(Beginning of DATA)

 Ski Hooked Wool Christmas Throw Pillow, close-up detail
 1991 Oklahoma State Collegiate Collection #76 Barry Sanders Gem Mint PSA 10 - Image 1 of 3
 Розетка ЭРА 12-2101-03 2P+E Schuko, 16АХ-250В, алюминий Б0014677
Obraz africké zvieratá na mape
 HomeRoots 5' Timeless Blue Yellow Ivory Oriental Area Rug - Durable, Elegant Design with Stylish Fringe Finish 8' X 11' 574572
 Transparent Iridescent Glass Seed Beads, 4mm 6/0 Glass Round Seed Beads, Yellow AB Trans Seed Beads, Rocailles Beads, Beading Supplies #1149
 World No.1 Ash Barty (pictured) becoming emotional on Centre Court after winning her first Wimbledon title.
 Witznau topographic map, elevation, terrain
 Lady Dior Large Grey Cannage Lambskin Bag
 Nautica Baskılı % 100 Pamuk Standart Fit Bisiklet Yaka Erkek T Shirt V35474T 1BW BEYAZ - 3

(End of DATA)
(Beginning of DATA)

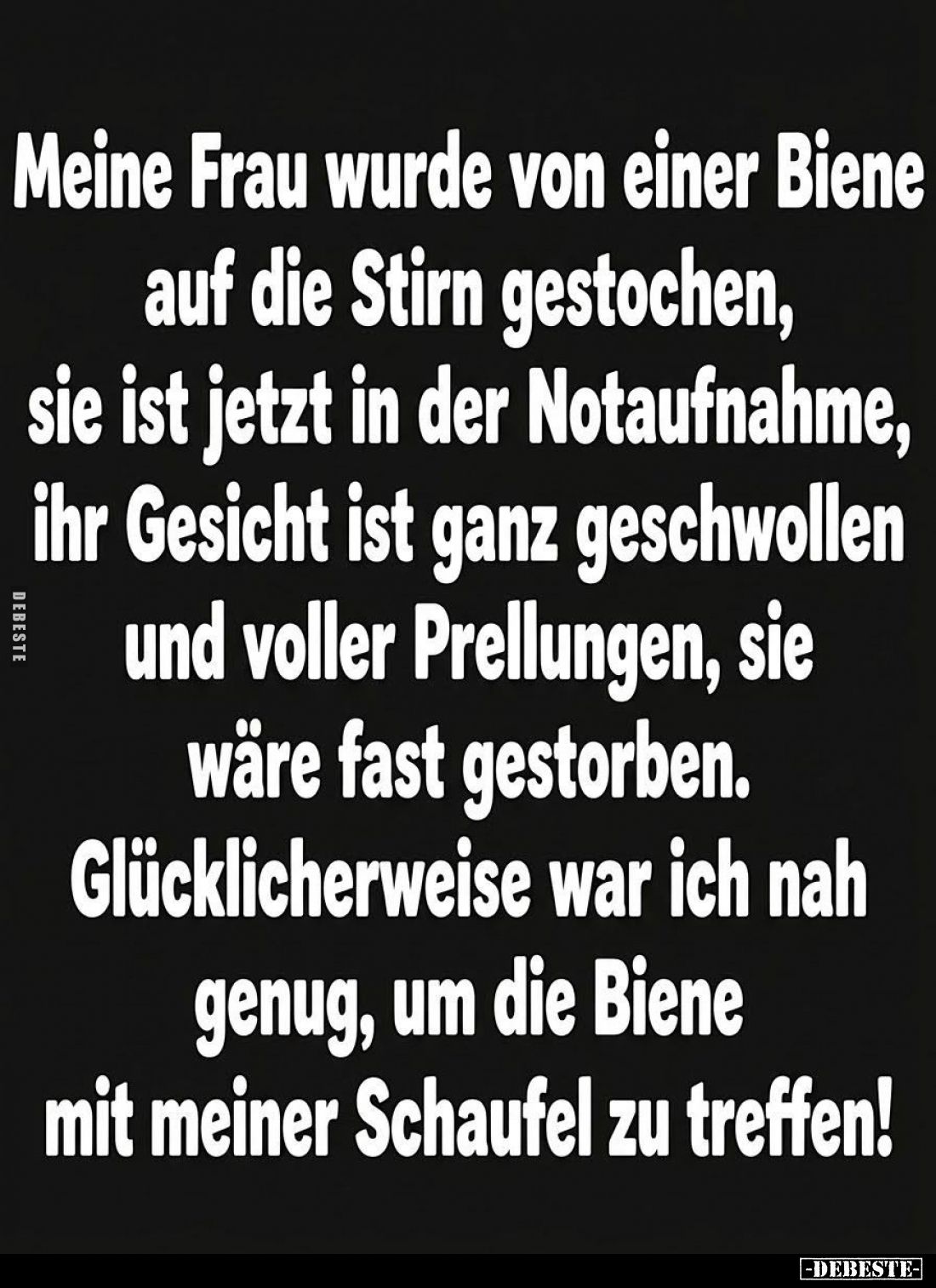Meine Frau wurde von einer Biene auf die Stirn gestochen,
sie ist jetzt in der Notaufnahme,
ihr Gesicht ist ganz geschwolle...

(End of DATA)
(Beginning of DATA)

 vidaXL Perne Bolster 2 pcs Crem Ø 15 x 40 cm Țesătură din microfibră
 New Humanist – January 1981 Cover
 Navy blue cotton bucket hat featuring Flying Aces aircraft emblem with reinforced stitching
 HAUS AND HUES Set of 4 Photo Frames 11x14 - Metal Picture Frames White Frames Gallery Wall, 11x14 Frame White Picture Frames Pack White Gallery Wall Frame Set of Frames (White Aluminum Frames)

(End of DATA)

## ACTION ITEM
Copy each line above that has the word "Yellow".

## RESULT
 HomeRoots 5' Timeless Blue Yellow Ivory Oriental Area Rug - Durable, Elegant Design with Stylish Fringe Finish 8' X 11' 574572
 Transparent Iridescent Glass Seed Beads, 4mm 6/0 Glass Round Seed Beads, Yellow AB Trans Seed Beads, Rocailles Beads, Beading Supplies #1149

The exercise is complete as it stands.